* [Action item] The data below is to be transcribed word for word; pictures are to be excluded.

Brief descriptive captions:
■ ■ ■ ■

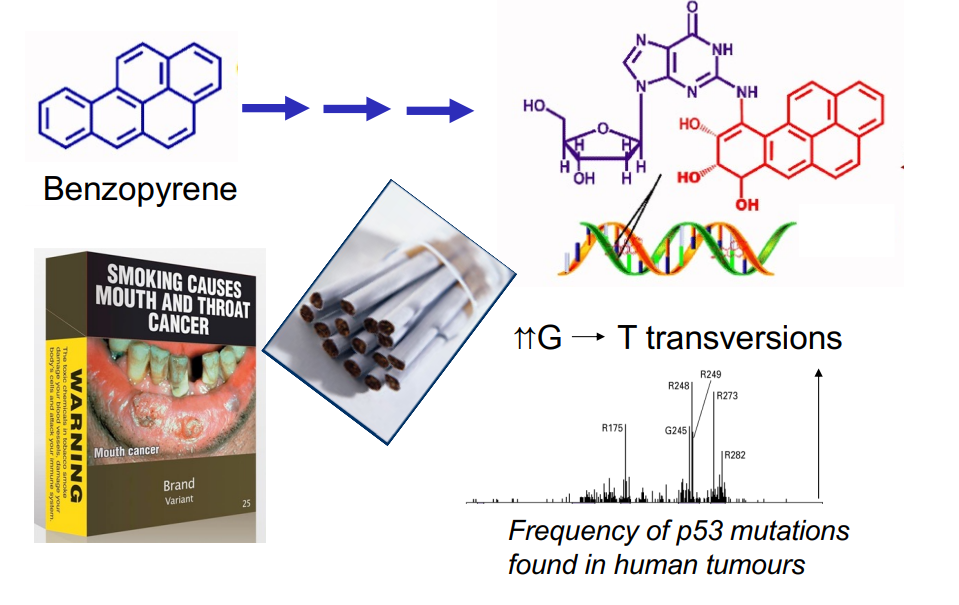<p>60% of human lung cancers have mutant p53</p>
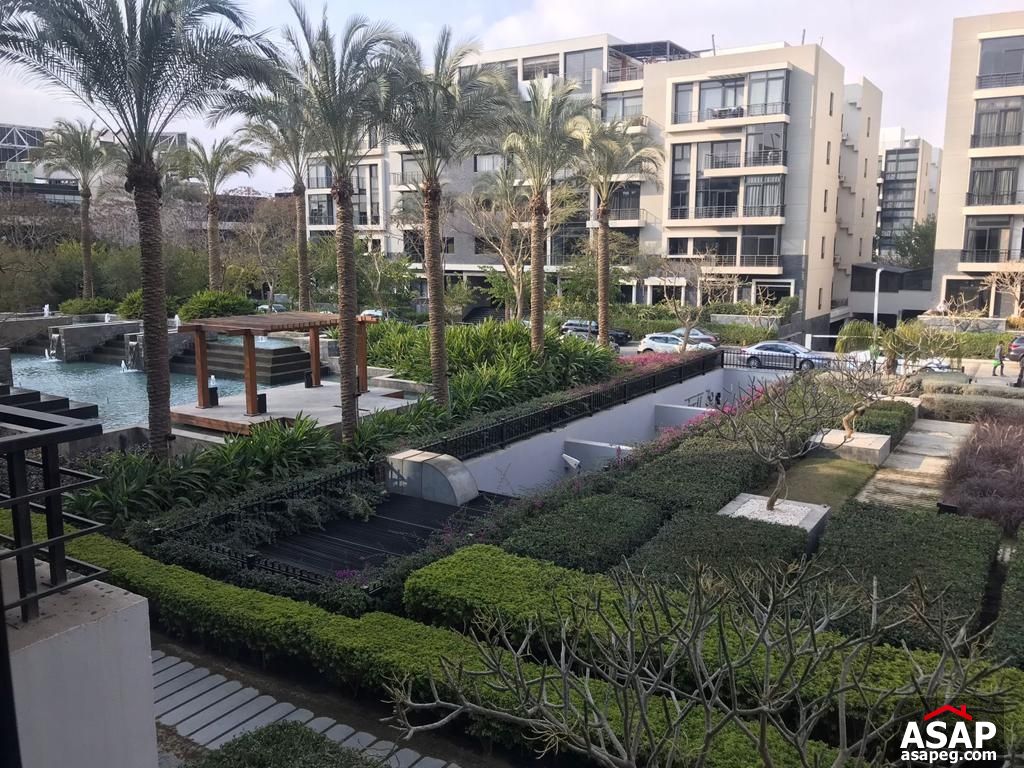 Apartment for Rent in the WaterWay Apartment for Rent in the WaterWay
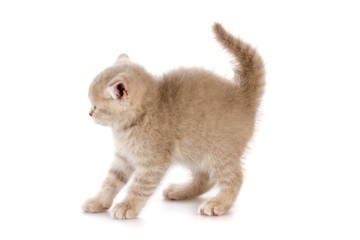 Scared kitten
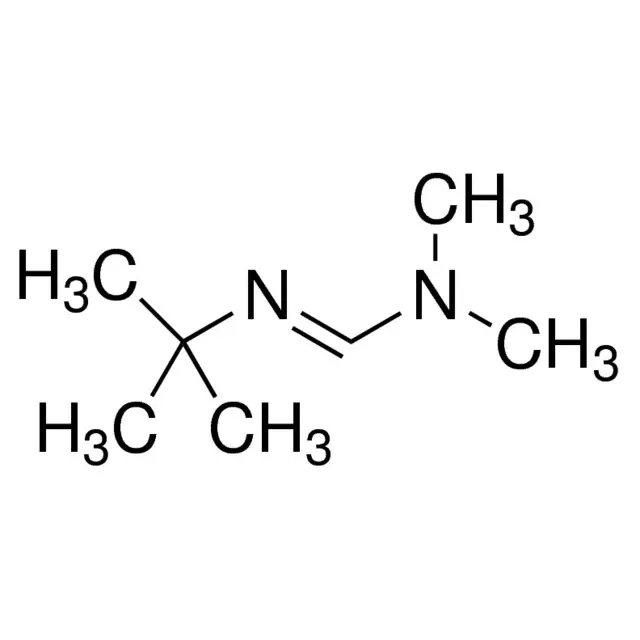 N′-tert-Butyl-N,N-dimethylformamidine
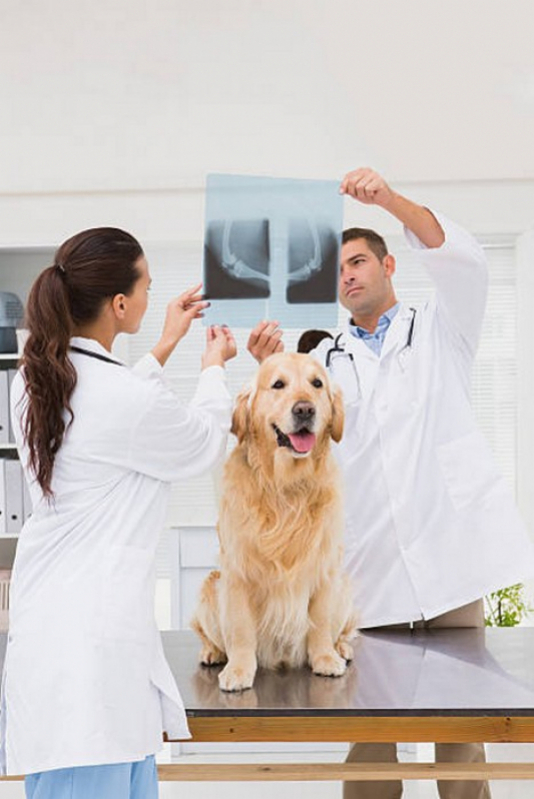 Onde Marcar Check Up Veterinário em Animais Domésticos Fátima - Check Up Veterinário para Cães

■ ■ ■ ■

* [Solution for this task]
<p>60% of human lung cancers have mutant p53</p>
 Apartment for Rent in the WaterWay Apartment for Rent in the WaterWay
 Scared kitten
 N′-tert-Butyl-N,N-dimethylformamidine
 Onde Marcar Check Up Veterinário em Animais Domésticos Fátima - Check Up Veterinário para Cães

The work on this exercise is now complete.